+++ Input records +++

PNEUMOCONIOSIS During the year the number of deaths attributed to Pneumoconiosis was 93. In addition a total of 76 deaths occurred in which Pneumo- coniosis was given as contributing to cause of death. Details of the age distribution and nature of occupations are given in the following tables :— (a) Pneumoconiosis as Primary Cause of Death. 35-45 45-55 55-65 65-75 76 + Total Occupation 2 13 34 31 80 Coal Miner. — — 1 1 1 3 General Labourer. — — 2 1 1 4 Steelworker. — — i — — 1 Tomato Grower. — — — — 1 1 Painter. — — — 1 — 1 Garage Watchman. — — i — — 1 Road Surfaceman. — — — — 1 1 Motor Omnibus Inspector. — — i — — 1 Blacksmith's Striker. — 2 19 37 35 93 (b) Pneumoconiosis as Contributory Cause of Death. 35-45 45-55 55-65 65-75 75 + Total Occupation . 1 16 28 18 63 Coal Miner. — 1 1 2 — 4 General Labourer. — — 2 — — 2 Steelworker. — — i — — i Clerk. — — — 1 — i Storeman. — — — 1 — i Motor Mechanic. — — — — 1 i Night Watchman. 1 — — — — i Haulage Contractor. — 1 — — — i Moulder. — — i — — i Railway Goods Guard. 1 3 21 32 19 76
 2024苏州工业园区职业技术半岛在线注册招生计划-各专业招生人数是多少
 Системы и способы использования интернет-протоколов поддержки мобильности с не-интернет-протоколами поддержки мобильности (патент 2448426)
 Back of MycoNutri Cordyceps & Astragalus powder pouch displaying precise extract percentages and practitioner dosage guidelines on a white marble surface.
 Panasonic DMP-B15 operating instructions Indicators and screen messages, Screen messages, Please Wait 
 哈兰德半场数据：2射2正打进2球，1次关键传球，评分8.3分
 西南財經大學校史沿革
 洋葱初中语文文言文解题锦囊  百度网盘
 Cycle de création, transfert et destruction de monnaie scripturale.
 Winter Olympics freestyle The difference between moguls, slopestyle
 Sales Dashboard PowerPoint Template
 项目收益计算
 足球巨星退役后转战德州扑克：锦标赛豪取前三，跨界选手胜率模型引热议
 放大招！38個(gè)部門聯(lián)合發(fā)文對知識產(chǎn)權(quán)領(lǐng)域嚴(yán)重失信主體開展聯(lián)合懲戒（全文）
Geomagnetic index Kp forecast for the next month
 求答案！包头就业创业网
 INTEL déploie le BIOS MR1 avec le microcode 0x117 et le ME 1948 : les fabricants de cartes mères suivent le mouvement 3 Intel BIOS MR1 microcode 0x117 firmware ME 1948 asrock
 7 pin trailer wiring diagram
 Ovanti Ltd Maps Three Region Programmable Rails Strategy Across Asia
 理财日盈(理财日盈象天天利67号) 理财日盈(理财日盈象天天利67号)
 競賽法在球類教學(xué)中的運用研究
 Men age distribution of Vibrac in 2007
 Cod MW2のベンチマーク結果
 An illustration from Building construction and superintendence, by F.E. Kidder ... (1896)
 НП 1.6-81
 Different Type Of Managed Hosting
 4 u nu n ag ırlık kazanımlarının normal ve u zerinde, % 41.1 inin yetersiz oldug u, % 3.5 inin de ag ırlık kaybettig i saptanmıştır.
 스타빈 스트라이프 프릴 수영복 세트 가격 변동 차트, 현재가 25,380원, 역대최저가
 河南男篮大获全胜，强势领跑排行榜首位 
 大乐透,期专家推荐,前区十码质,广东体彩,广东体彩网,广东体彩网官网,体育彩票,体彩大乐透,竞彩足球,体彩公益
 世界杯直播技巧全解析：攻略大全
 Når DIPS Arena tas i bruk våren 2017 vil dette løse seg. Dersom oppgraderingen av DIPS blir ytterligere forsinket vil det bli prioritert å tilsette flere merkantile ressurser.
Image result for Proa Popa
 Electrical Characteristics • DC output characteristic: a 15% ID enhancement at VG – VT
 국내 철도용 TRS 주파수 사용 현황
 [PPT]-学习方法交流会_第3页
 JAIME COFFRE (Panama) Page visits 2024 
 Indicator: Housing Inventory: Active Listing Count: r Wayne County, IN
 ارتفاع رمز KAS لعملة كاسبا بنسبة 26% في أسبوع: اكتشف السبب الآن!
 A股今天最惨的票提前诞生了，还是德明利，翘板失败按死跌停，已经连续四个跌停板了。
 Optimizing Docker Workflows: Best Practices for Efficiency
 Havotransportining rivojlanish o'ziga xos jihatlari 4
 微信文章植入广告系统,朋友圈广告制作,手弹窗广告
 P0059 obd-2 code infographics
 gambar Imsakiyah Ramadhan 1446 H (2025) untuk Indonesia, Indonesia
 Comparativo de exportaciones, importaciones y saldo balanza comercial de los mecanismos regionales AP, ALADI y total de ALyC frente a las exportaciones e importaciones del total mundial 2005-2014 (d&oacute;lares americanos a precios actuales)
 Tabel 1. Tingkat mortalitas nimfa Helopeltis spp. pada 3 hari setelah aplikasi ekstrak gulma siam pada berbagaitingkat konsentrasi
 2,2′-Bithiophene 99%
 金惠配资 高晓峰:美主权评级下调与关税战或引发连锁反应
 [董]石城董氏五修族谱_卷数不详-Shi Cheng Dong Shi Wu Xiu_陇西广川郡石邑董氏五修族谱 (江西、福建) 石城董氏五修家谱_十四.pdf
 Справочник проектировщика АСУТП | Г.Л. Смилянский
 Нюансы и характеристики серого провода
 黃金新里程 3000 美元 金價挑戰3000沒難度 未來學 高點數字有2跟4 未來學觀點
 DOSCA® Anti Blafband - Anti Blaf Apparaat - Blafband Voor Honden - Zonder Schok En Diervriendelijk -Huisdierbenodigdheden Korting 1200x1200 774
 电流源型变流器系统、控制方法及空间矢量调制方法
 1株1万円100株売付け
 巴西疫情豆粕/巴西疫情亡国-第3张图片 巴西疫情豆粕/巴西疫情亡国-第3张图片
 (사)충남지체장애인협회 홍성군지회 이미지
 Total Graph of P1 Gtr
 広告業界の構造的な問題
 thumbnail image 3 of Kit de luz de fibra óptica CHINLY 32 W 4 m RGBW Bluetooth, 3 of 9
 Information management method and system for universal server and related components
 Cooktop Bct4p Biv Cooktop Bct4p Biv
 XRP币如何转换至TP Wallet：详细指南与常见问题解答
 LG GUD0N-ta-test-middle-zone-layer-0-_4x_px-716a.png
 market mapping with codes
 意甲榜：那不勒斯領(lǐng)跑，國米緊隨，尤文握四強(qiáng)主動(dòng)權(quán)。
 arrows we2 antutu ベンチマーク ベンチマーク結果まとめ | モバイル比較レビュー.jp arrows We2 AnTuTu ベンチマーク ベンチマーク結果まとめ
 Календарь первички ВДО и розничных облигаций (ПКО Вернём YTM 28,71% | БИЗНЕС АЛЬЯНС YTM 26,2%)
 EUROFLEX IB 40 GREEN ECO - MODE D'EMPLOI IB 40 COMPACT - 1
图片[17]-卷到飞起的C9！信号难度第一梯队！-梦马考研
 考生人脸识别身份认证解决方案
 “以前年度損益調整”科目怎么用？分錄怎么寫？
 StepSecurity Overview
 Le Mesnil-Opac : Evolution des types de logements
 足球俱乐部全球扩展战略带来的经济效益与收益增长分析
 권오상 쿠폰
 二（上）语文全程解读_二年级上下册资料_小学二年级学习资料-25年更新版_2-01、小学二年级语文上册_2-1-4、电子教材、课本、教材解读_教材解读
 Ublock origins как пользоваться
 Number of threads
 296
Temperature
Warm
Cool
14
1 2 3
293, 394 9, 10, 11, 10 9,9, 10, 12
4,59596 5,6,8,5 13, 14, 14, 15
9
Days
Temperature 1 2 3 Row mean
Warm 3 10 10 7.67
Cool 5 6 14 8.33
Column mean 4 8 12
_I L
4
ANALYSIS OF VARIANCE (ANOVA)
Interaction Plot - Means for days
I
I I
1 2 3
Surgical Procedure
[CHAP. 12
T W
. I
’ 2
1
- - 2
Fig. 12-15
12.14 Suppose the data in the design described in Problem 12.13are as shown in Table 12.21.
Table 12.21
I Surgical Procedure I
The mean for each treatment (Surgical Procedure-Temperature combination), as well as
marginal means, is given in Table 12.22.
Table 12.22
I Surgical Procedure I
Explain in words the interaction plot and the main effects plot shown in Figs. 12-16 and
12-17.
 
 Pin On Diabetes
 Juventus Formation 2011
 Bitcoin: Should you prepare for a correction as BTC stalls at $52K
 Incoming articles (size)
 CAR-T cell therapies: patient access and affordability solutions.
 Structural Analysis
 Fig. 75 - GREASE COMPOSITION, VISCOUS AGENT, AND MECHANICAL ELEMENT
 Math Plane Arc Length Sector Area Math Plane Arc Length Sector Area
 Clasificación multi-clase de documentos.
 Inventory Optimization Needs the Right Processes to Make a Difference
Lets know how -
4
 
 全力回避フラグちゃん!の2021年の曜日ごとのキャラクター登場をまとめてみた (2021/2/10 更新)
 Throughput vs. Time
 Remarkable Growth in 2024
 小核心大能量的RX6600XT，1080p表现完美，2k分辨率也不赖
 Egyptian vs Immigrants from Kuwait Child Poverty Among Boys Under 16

+++

• Work required
As the answer, set down only the lines from the data above between the one holding "足球巨星退役后转战德州扑克：锦标赛豪取前三，跨界选手胜率模型引热议" and the one holding "求答案！包头就业创业网", inclusive, exactly as they read.

• Task solution
 足球巨星退役后转战德州扑克：锦标赛豪取前三，跨界选手胜率模型引热议
 放大招！38個(gè)部門聯(lián)合發(fā)文對知識產(chǎn)權(quán)領(lǐng)域嚴(yán)重失信主體開展聯(lián)合懲戒（全文）
Geomagnetic index Kp forecast for the next month
 求答案！包头就业创业网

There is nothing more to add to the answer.